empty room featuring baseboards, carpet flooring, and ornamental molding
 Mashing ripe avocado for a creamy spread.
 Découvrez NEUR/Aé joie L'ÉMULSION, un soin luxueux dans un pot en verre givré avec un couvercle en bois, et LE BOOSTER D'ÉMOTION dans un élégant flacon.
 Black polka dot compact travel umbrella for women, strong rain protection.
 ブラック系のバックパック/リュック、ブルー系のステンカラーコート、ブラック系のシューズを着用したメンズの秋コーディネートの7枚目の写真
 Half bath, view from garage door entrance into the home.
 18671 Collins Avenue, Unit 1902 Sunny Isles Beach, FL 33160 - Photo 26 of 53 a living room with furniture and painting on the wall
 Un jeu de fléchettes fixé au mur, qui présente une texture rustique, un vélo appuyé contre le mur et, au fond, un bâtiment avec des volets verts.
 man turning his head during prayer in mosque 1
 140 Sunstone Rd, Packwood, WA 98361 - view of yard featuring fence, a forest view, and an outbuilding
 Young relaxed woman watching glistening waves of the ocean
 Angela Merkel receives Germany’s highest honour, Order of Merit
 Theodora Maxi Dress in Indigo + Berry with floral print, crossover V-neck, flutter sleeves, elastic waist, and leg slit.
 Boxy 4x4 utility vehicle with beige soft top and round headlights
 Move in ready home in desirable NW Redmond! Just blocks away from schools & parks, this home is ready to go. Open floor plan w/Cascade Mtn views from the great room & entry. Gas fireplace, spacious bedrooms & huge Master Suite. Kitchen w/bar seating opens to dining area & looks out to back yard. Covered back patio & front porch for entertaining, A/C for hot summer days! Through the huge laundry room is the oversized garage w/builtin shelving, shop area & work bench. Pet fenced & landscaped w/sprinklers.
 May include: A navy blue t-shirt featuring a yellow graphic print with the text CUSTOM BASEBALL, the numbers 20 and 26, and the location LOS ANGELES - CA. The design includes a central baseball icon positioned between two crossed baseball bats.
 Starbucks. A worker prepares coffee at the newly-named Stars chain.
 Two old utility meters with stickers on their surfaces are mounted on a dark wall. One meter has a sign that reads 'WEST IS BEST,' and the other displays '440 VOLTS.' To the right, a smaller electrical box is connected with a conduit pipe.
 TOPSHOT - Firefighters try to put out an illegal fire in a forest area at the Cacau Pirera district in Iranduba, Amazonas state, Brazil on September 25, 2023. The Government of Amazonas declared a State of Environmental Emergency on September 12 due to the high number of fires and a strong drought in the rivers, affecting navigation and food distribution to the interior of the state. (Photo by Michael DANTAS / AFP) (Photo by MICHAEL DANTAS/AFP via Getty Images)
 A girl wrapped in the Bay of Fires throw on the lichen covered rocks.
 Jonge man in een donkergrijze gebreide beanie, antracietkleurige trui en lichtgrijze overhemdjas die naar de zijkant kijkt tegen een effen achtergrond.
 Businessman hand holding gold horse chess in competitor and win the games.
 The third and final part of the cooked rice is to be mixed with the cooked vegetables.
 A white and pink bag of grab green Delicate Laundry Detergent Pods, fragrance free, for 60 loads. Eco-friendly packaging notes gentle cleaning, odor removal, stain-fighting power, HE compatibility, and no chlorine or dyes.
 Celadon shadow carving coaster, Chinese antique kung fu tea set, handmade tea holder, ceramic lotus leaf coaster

■ ■ ■ ■ ■ ■ ■

§ PROBLEM REQUIREMENTS
For this exercise, repeat exactly the lines of the data above from the one with "140 Sunstone Rd, Packwood, WA" down to the one with "Boxy 4x4 utility", both end lines included.

§ REPLY TO THE TASK
 140 Sunstone Rd, Packwood, WA 98361 - view of yard featuring fence, a forest view, and an outbuilding
 Young relaxed woman watching glistening waves of the ocean
 Angela Merkel receives Germany’s highest honour, Order of Merit
 Theodora Maxi Dress in Indigo + Berry with floral print, crossover V-neck, flutter sleeves, elastic waist, and leg slit.
 Boxy 4x4 utility vehicle with beige soft top and round headlights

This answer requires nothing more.